Le respondió, a la distancia, un ruido que hacía doler los dientes y que creció agudamente. Era el ruido de los frenos, que penetraba y parecía quebrar los huesos, como si arrancaran los dientes a un gran gigante metálico. Un motor rugió hasta su nota más alta con los frenos puestos.

—¡Cuidado, idiota! —gritó una voz distante.

Bruce, que no sabía conducir un autómovil, que sólo conocía los movimientos… Bruce, que…

Dennis corrió a través del dormitorio, y salió al balconcito, bajo la luna que se elevaba, emblanqueciéndose.
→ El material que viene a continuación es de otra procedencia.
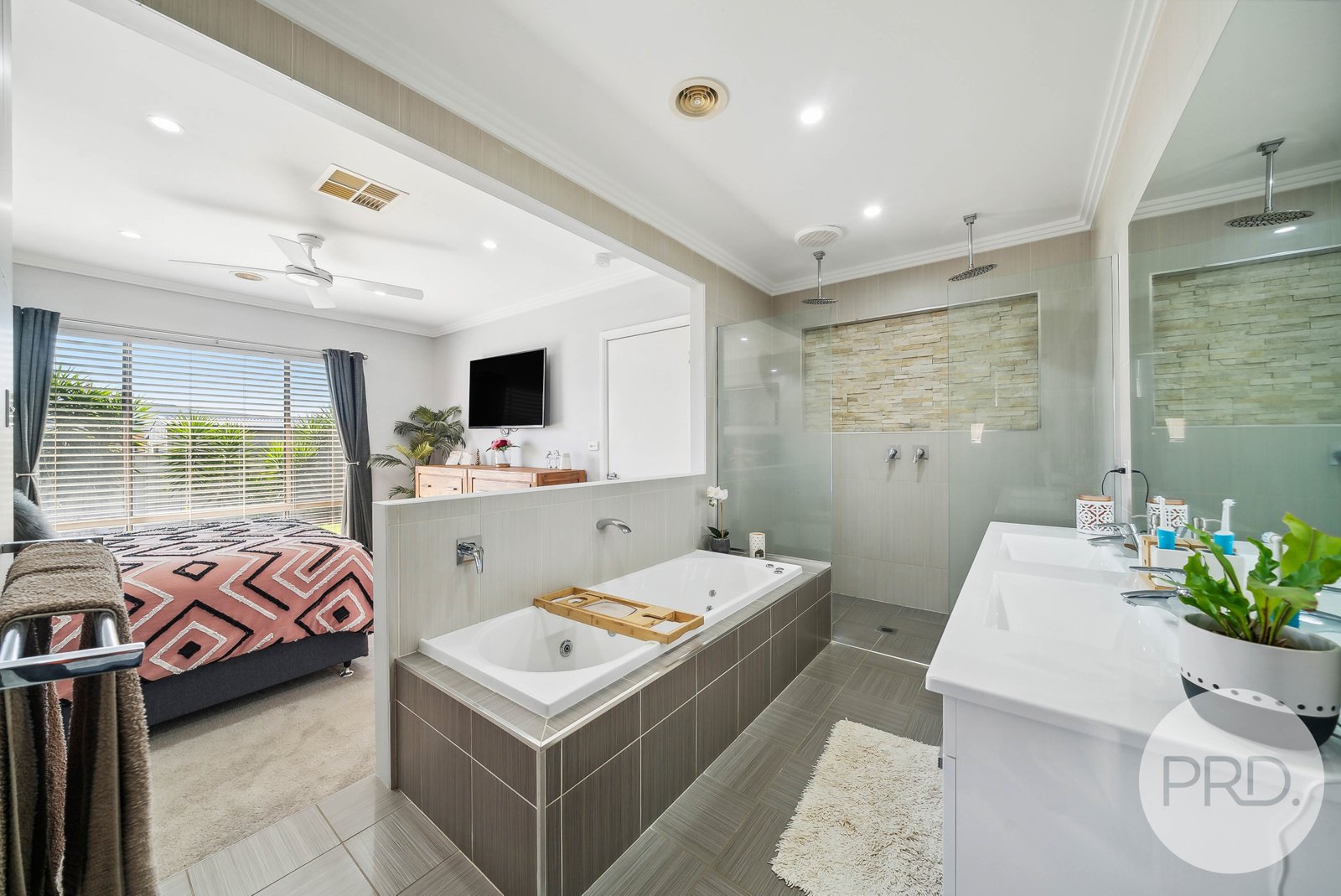 36 Deakin Avenue LLOYD 10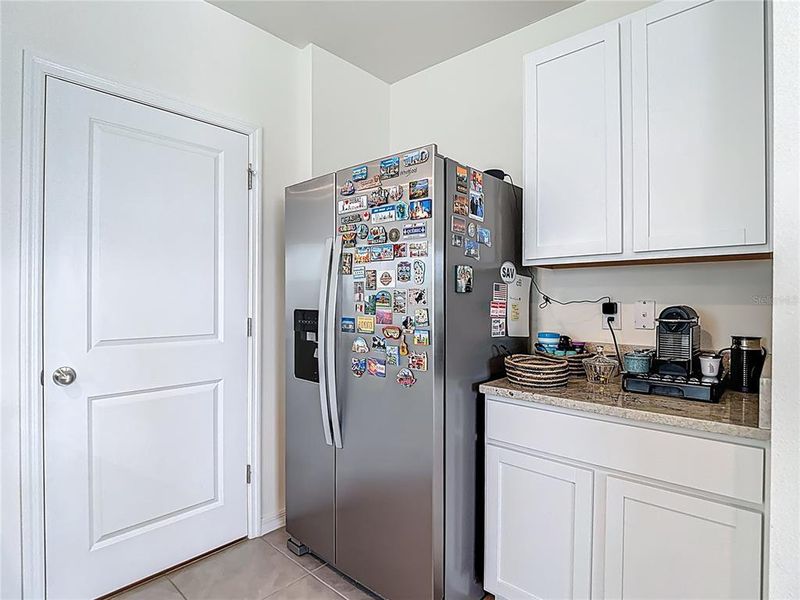 Furnished interior view inside a new home in , Wesley Chapel (Image 6).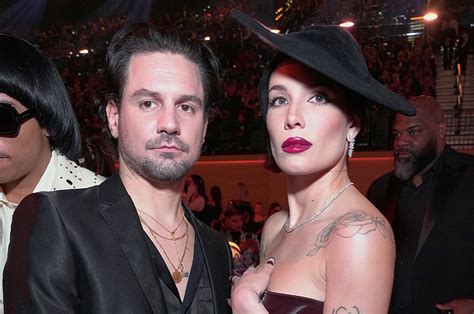 Halsey And Boyfriend Alev Aydin Have Reportedly Gone Their Separate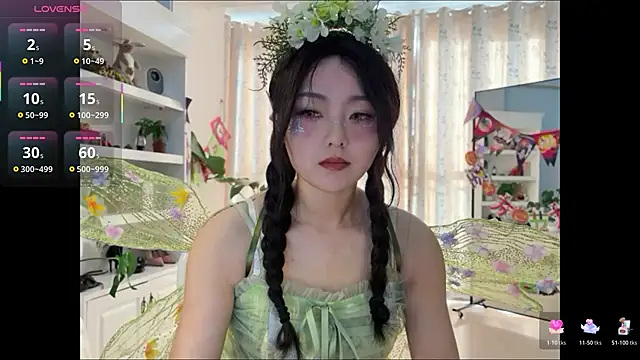 nanaliu6 online show from 10-26-25, 08:42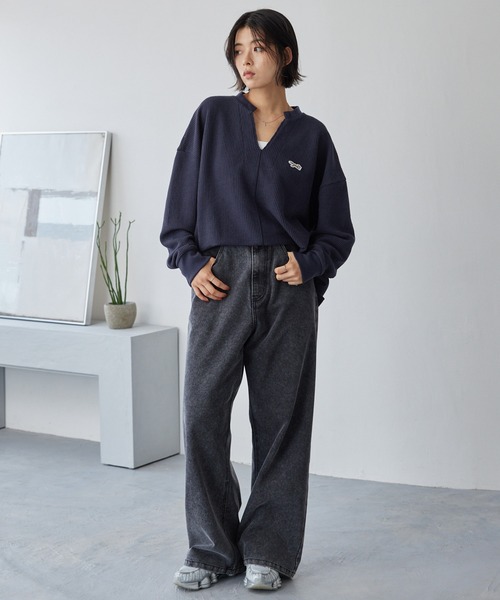 PENNEYS（ぺニーズ）の「PENNEYS/ペニーズ 別注 THE FOX ワンポイントロゴ刺繍 スキッパーワッフル長袖Tシャツ<抗菌防臭>（Tシャツ/カットソー・レディース・アイボリー/ブラック/ライトグレー/レッド/ネイビー・FREE）」の8枚目の写真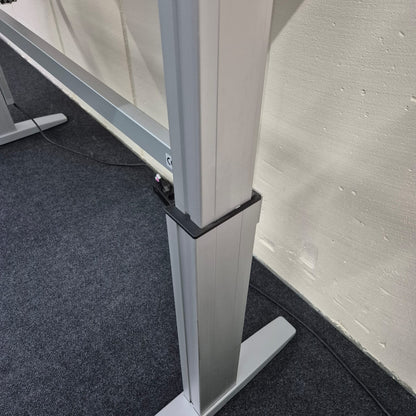 Steh-Sitz-Schreibtisch / CEKA / ahorn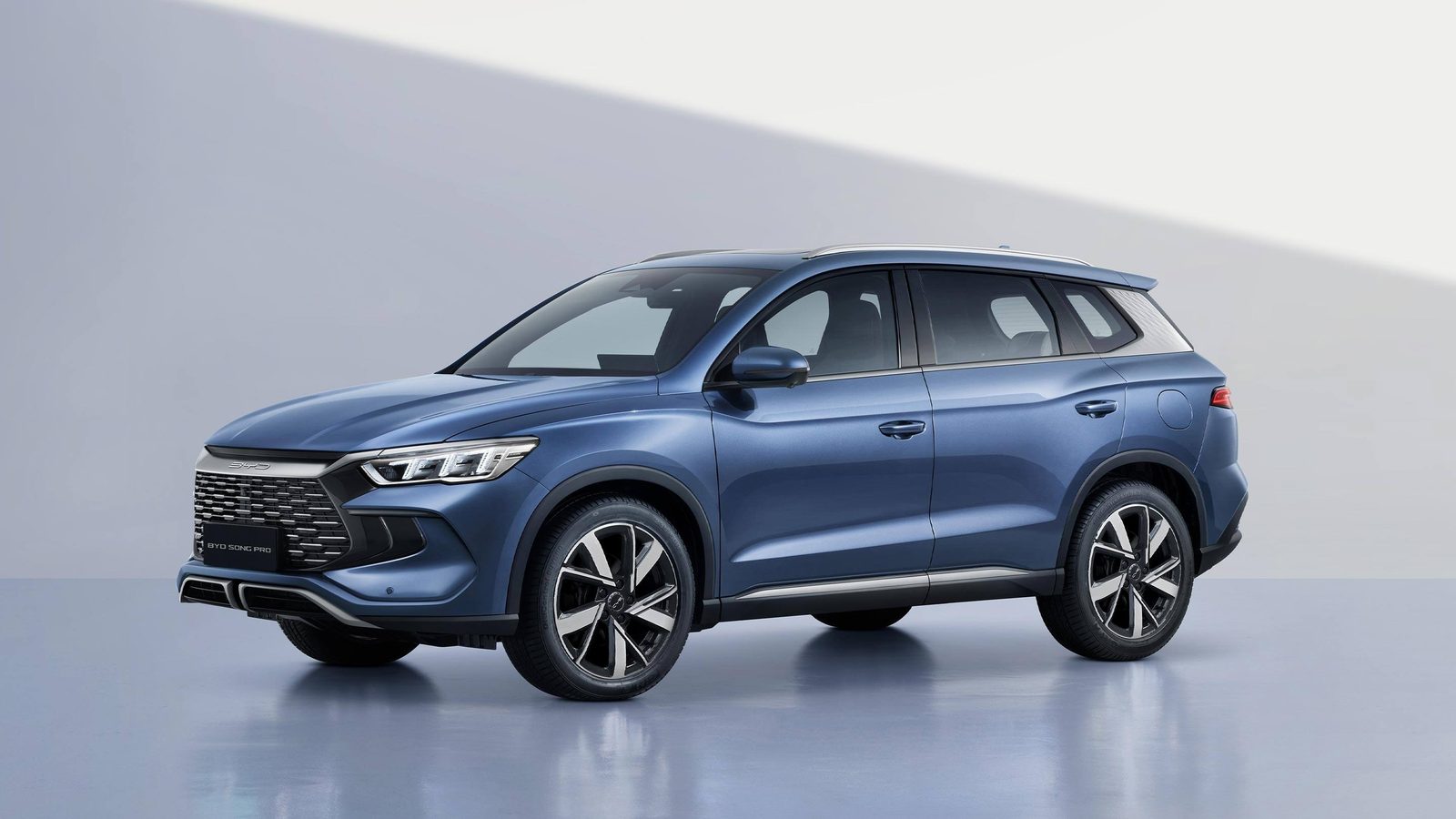 BYD Song Pro DM-i 2025 — экстерьер, front 3q studio, рынок china/export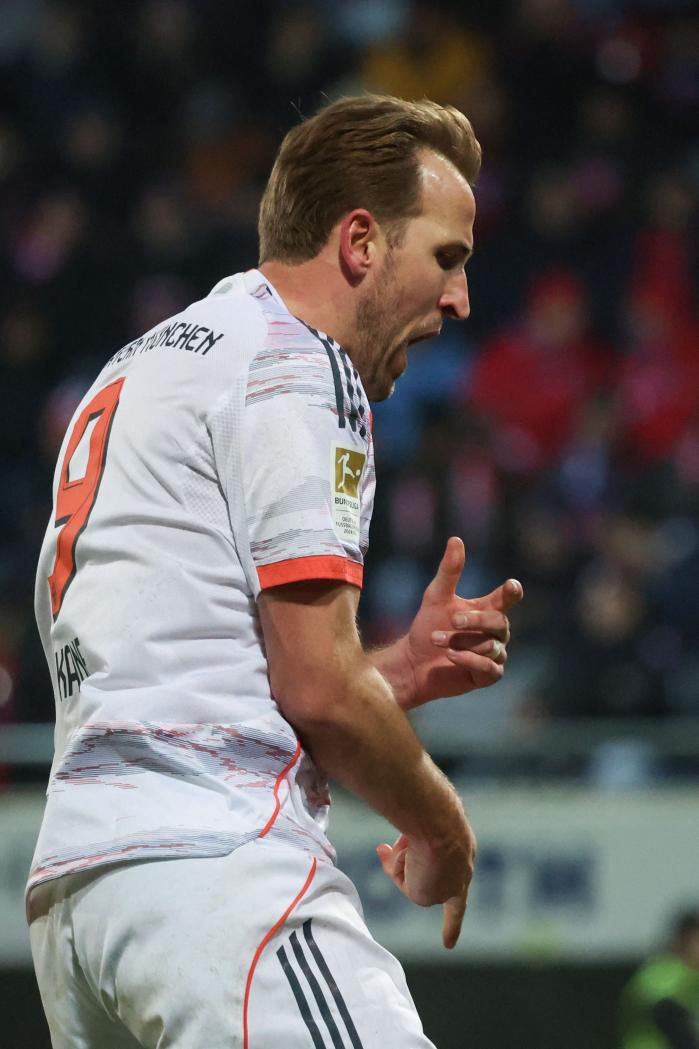 바이에른 뮌헨의 해리 케인이 22일(한국시간) 독일 하이덴하임의 보이트 아레나에서 열린 하이덴하임과의 2025-2026 분데스리가 15라운드 원정에서 후반 추가시간 골을 성공시킨 후 환호하고 있다. AFP·연합뉴스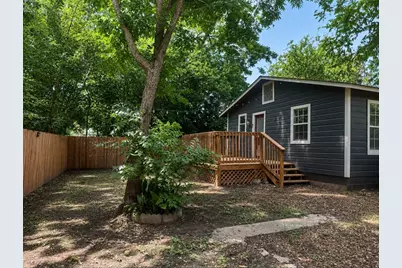 517 W Martin Luther King Drive, San Marcos, TX 78666 - Photo 13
Tuvo tiempo de ver la partida.

La voiturette Ford V. 8 de Dafne, con Bruce confusamente entrevisto en el volante, se lanzó rozando el poste que había en el centro de la zona y logró esquivar otro automóvil que entraba a la zona, con un movimiento del volante. Los faros delanteros brillaron durante algunos segundos y desaparecieron. El Ford V. 8 entró de costado en el camino principal, se enderezó y, con un sonido metálico, cuando Bruce quiso hacer un cambio a segunda, se perdió de vista hacia el sur, en dirección opuesta a Aldebridge.

Entonces no se oyó más ruido que el de las maldiciones del otro chofer.

Estaba hecho. Terminado. Hundido. Y la policía…

Dennis permaneció allí con la cabeza baja, asido a la baranda del balconcito, con el oscuro dormitorio detrás de él. Una voz en su interior repetía: «Al diablo con esto. Has hecho todo lo que has podido. Olvídalo». Pero ellos no olvidarían, ellos no podrían olvidar nada de esta confusa historia, hasta que la maldita figura de Roger Bewlay fuera, al fin, apresada.

Entonces Dennis percibió que el dormitorio no estaba ya a oscuras. Oyó el ruido de un botón: una débil luz invadió el balcón. Dennis se volvió y caminó dos pasos dentro de la habitación.

En la puerta de la salita, fumando un cigarro negro, estaba Sir Henry Merrivale.

—Vamos, hijo —dijo Sir Henry Merrivale quitándose el cigarro de la boca—, ¿no sería mejor que me dijera qué demonios ha pasado aquí?